銀行・商品次第。必須のケースが多いという解説と、任意の商品もあるという解説があり、実務は二分。自分の与信・家族事情・保険設計と併せて判断し、申込前に条件を確認。
本審査に強くなる「提出の型」
- 1枚目に「目次(書類一覧)」:誰が見ても不足がないよう、通し番号・発行日・原本/写しを併記。
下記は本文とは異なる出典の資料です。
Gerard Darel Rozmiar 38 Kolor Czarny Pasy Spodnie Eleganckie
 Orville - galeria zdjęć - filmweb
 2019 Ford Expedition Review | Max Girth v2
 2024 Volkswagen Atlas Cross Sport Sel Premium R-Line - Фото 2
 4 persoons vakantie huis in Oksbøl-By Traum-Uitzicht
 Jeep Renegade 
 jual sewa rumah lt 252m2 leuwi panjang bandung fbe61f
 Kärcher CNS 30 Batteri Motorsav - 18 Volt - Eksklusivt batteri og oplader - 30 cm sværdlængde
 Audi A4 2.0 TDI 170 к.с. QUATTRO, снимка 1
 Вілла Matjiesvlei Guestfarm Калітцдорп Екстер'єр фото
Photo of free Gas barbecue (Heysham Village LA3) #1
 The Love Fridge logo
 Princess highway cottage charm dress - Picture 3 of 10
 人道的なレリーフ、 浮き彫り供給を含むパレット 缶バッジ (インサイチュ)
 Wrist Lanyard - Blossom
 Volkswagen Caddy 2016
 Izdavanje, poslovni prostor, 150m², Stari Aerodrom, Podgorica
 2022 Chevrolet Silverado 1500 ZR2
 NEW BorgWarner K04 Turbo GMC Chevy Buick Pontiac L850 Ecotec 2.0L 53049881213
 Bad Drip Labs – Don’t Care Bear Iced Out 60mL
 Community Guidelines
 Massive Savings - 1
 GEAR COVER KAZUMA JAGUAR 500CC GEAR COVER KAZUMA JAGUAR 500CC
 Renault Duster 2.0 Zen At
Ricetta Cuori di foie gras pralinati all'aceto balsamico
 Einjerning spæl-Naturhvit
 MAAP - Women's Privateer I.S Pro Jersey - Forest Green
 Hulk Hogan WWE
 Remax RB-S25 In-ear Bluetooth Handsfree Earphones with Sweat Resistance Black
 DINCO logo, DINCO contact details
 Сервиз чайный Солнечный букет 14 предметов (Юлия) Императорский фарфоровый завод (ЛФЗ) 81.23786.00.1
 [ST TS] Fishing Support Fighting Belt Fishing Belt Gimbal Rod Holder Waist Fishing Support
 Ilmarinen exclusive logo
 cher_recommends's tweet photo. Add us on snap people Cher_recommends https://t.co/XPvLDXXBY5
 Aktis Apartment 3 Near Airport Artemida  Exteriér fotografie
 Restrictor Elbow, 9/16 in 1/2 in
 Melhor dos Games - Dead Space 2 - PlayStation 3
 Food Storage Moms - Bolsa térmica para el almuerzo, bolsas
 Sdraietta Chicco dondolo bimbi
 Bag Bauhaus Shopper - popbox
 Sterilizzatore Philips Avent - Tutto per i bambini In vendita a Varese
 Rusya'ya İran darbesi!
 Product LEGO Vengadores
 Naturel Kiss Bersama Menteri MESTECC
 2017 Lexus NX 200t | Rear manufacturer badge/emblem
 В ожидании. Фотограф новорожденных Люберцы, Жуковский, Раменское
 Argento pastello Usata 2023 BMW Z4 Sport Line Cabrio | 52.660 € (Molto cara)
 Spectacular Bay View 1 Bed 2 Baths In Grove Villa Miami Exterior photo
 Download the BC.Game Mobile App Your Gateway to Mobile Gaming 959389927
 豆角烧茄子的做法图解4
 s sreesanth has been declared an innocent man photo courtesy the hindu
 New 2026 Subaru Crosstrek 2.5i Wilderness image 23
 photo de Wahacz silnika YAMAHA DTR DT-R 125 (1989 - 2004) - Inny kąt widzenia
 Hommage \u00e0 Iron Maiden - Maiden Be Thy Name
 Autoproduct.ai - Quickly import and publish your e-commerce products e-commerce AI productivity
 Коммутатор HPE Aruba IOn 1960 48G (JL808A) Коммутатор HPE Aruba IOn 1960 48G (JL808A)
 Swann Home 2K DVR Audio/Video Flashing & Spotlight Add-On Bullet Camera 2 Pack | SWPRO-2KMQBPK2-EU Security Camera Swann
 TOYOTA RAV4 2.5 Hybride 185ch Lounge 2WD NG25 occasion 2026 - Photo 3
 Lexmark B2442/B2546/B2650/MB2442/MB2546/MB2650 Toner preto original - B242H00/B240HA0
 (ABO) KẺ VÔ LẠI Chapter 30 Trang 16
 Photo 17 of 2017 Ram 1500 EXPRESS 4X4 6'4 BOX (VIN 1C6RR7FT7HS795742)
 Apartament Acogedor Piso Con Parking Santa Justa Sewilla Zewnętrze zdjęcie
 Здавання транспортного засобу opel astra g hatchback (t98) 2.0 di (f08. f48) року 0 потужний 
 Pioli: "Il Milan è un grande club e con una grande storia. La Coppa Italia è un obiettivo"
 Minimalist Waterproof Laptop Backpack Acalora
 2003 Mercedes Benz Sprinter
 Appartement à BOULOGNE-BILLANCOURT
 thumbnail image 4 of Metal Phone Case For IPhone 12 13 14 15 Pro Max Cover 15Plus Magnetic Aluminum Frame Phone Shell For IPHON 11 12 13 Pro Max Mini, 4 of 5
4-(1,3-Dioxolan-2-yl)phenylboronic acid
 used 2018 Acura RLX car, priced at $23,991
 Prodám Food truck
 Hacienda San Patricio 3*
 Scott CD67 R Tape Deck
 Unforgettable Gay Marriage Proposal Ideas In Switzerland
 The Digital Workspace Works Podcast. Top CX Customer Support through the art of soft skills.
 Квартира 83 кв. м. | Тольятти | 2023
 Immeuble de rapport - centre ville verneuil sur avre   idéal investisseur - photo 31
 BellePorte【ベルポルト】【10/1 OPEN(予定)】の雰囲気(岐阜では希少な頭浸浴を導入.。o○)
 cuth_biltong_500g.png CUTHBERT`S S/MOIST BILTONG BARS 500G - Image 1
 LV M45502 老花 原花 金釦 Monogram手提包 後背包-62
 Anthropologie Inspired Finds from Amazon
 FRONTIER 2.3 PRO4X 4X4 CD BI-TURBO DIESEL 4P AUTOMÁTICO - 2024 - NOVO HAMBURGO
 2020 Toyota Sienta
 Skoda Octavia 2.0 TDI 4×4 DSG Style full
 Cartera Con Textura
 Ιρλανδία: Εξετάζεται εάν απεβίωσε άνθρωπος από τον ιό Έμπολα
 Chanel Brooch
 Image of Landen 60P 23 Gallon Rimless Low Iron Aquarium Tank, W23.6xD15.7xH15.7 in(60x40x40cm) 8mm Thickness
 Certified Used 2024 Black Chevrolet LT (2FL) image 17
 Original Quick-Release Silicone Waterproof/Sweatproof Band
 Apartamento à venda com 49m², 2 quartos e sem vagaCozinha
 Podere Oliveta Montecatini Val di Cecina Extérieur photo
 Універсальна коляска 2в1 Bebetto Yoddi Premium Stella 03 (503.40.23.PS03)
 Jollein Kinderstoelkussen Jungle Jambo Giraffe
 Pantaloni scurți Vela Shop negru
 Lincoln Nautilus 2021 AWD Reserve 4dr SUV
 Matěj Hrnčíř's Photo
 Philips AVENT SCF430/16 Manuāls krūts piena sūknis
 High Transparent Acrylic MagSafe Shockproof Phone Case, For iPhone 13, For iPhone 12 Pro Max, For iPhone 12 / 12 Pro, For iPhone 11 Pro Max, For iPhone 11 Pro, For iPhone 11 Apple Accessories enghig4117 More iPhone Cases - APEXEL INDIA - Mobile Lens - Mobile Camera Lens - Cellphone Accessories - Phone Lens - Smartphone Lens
- 賃料根拠:ポータル賃料実績・近隣成約事例を添付し、レントロールの妥当性を補強。
- 耐用年数・LTV試算:期間×金利×返済額の感度を載せ、返済余力を定量化。
- 団信:加入要否・告知書類の有無を事前確認。
- 日付コントロール:住民票・印鑑証明は発行3か月以内、登記・公図も最新取得に統一。
参考フローと必要書類の一次情報(確認用)
- 融資の流れ(準備→仮審査→本審査→実行)と着眼点の整理。
- 必要書類の体系(個人・物件)と各書類の意味/入手先。
- 仮審査→売買契約→本審査→実行という工程の並べ方と、書類例。
本審査は「整合性×最新性×網羅性」で決まる
- 整合性:所得・借入・レントロール・契約情報が相互に矛盾しないこと。
- 最新性:住民票・印鑑証明・登記・公図・レントロールを最新で。
- 網羅性:建築確認・検査済証、重説、契約書、登記、賃貸関係、属性資料を初回で一式。
この3点を満たせば再提出や追加質問が激減し、承認までが滑らかになります。上で挙げた型(チェックリスト)をそのまま使えば、本審査の成功確率は確実に高まります。